With the budget battle in Washington still raging, Defenders has been working hard to protect investment in sound conservation programs, as well as suggesting areas where the federal budget should be cut.This week, Defenders along with 34 other conservation organizations delivered the Green Budget 2012 to Congressional offices. The document is a blueprint for how we can cut spending and sift out the areas where investment continues to be the wise decision.
For example, each year oil and coal companies receive $60 billion through tax subsidies, despite the fact that they continue to make record profits. Cut!
On the other hand, programs that keep our wildlife and wild places healthy underpin an outdoor recreation industry that contributes $730 billion to our economy each year. Investing in those areas is, as Defenders President Rodger Schlickeisen says, “not only a personal and moral responsibility but an economic no-brainer too”.
…they are using the budget deficit as an excuse to advance an extreme ideological agenda.
But while the budget battle takes center stage, an effort mounted by U.S. House leadership could potentially do untold damage to our environment. And even more troublingly, they are using the budget deficit as an excuse to advance an extreme ideological agenda.

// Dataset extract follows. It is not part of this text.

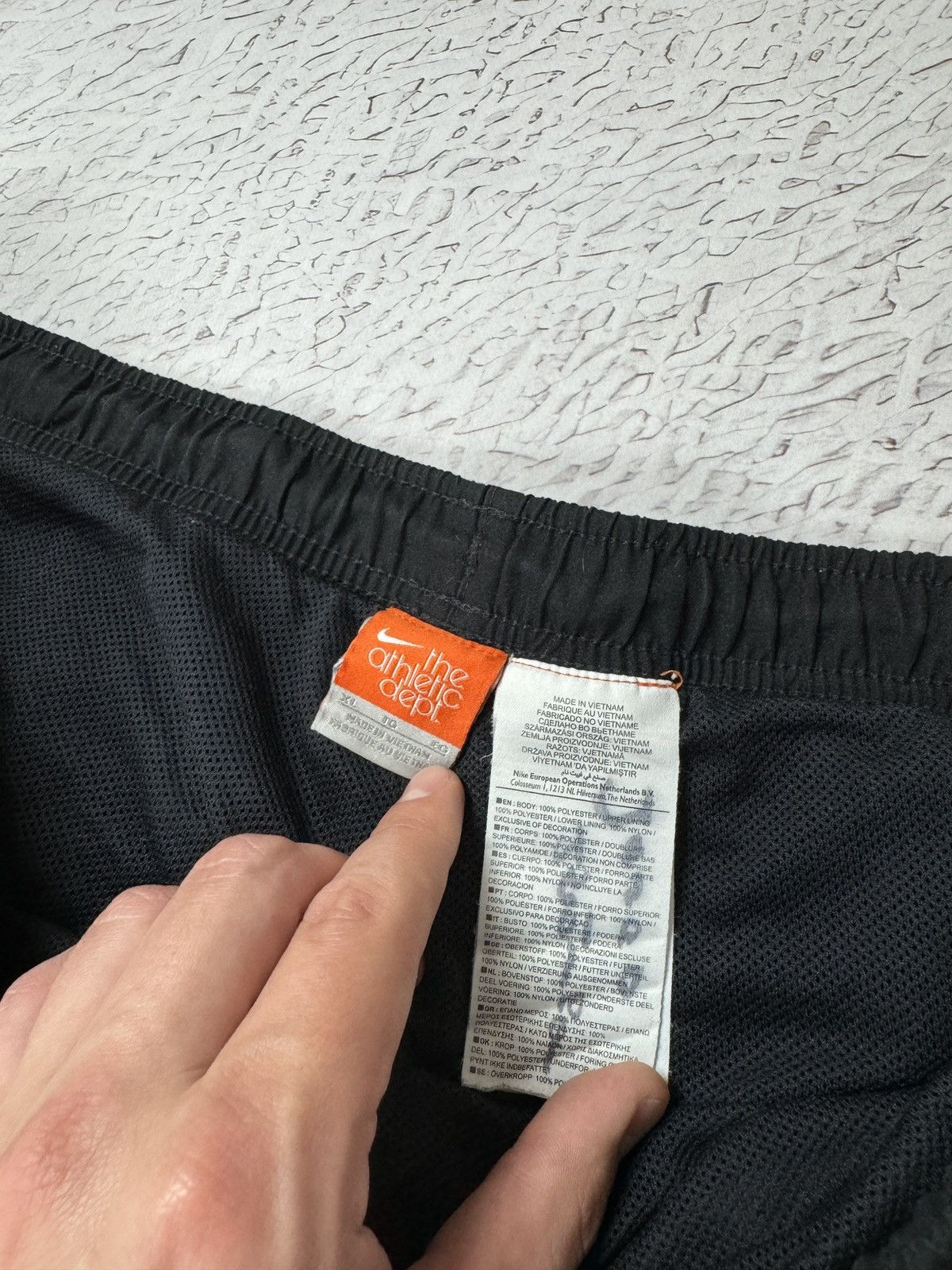 Nike Nike vintage Y2K black track pants Size US 38 / EU 54 - 10 Thumbnail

The spending bill passed by the House and currently being deliberated by the Senate (H.R.1) also contained numerous anti-environment amendments, totally disconnected from budget issues. These bad policy riders contain body-blow attacks on core environmental laws we need to keep our air and water clean.
One bad policy rider blocks all Environmental Protection Agency (EPA) funding for greenhouse gas pollution control. Another prevents EPA from protecting and restoring waterways in over 20 million acres of wetlands and habitat.
And as it stands, the bill includes attacks on the Endangered Species Act that would effectively remove all protections for most wolves in the Northern Rockies and deprive California’s Bay-Delta of a sustainable life-giving water supply.
Everyone understands that money is tight and tough choices must be made if we are going to reduce the budget deficit. And we need Congress to make sure that the cuts they make are smart cuts. But exploiting this budget process to advance a long-held anti environment agenda? That’s just wrong.